#### What you will do
Lines to return, exactly: from the line with "Performance SS Prem Tee" to the line with "ببحث عن عمل برام الله أو بيرزيت" in the entries below, both included.

#### Given data
::::::::::
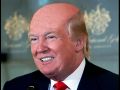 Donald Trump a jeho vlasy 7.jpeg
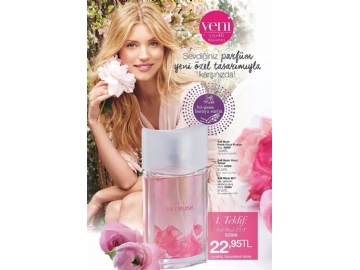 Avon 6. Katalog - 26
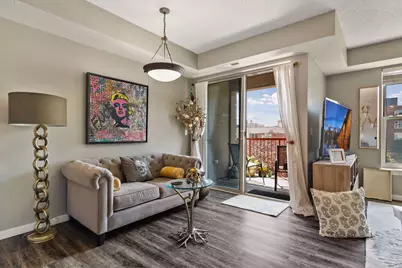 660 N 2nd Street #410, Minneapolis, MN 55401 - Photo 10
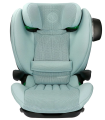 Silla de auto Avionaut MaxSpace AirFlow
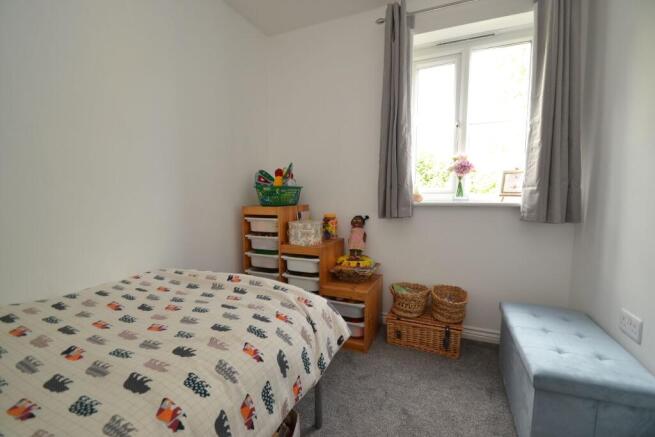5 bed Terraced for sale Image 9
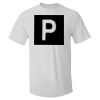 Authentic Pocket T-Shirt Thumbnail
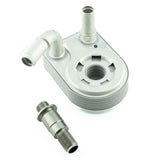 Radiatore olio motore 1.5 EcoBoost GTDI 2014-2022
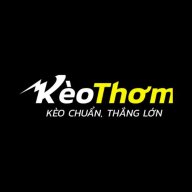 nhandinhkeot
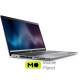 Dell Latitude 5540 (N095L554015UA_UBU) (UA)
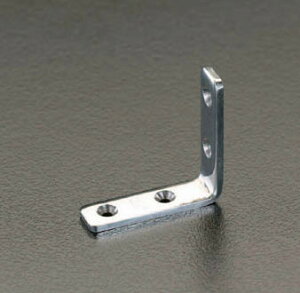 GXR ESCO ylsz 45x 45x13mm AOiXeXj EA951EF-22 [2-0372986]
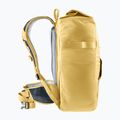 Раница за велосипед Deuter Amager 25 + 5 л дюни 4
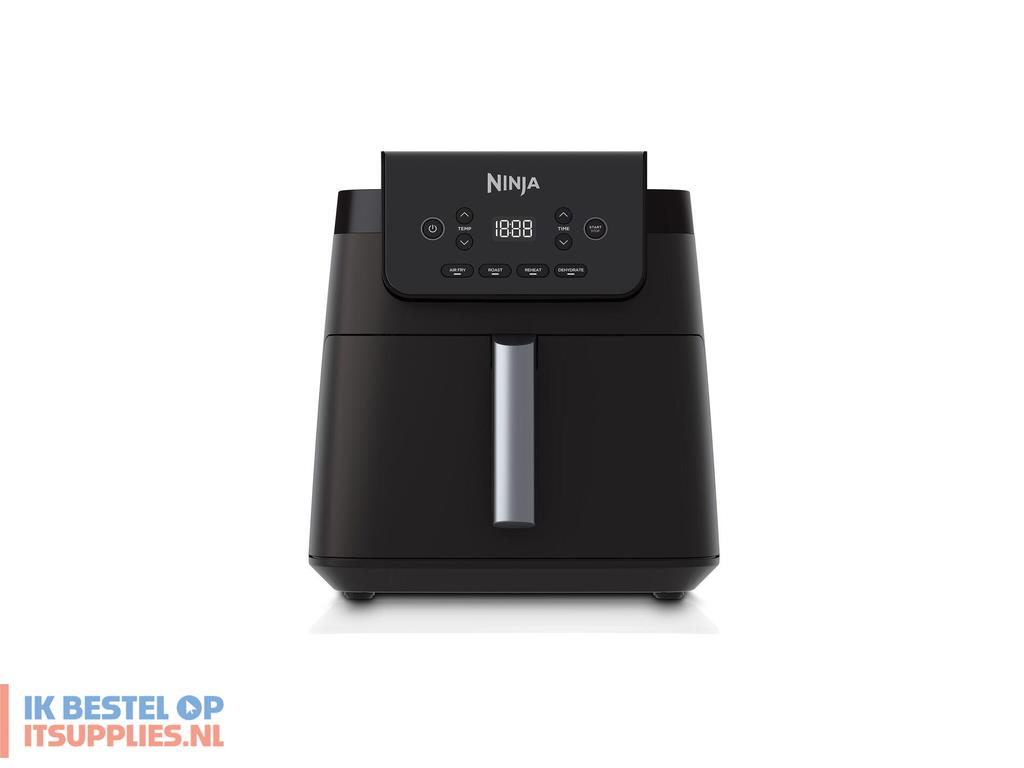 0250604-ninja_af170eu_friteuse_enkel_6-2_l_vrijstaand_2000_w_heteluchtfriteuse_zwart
::::::::::
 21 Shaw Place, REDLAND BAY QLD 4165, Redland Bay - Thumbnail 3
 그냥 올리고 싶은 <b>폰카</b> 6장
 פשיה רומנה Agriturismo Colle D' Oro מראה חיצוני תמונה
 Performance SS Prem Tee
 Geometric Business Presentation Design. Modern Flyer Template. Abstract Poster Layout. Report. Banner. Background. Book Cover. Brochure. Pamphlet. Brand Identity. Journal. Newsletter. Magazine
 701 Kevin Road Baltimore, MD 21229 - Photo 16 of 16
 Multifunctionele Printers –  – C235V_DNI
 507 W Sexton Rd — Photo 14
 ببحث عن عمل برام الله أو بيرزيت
::::::::::
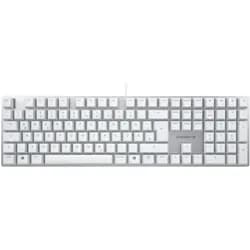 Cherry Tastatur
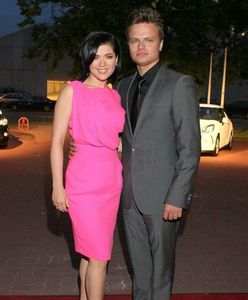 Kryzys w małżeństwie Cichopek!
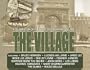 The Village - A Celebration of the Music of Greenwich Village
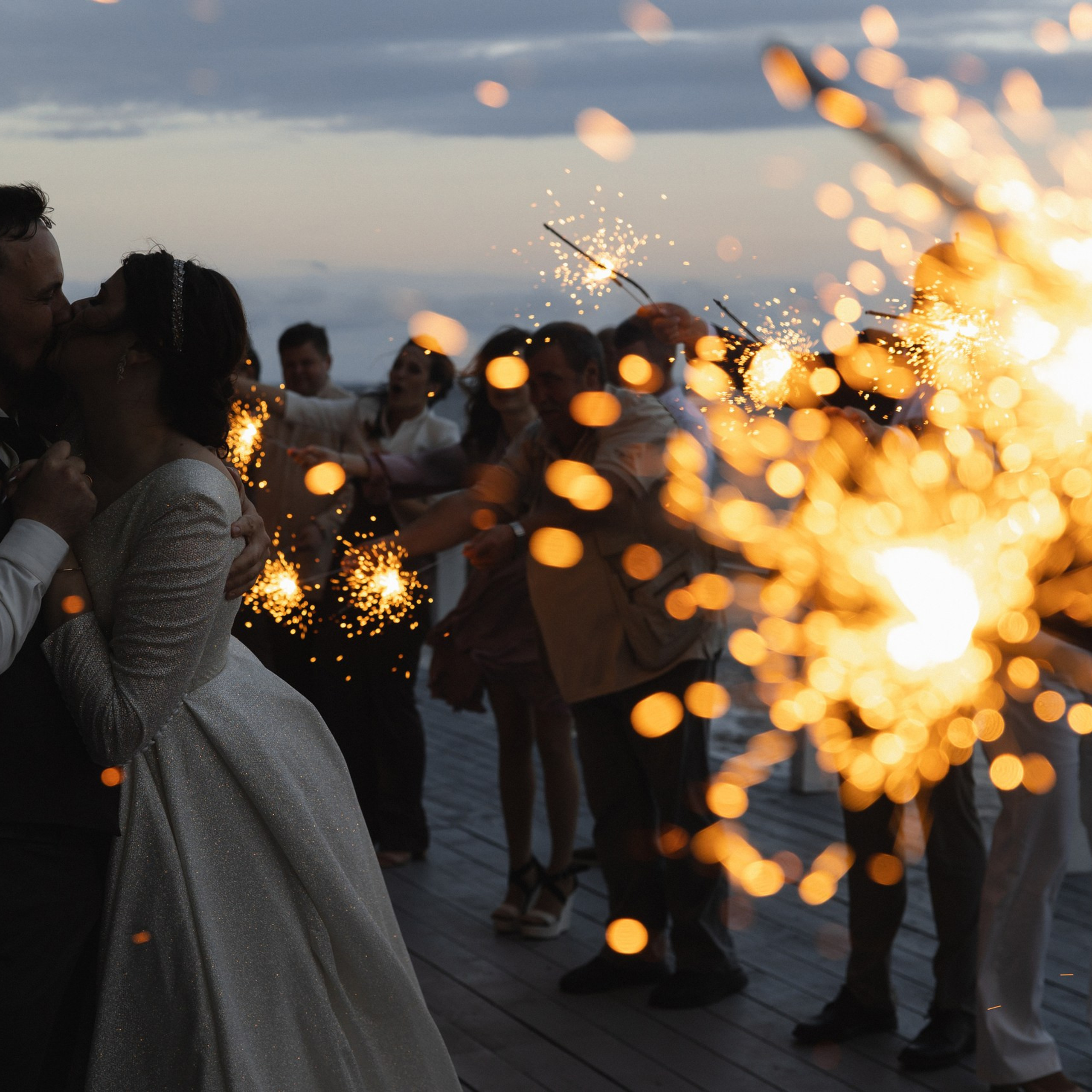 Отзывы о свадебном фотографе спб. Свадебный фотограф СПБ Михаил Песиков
::::::::::
#### Task result
 Performance SS Prem Tee
 Geometric Business Presentation Design. Modern Flyer Template. Abstract Poster Layout. Report. Banner. Background. Book Cover. Brochure. Pamphlet. Brand Identity. Journal. Newsletter. Magazine
 701 Kevin Road Baltimore, MD 21229 - Photo 16 of 16
 Multifunctionele Printers –  – C235V_DNI
 507 W Sexton Rd — Photo 14
 ببحث عن عمل برام الله أو بيرزيت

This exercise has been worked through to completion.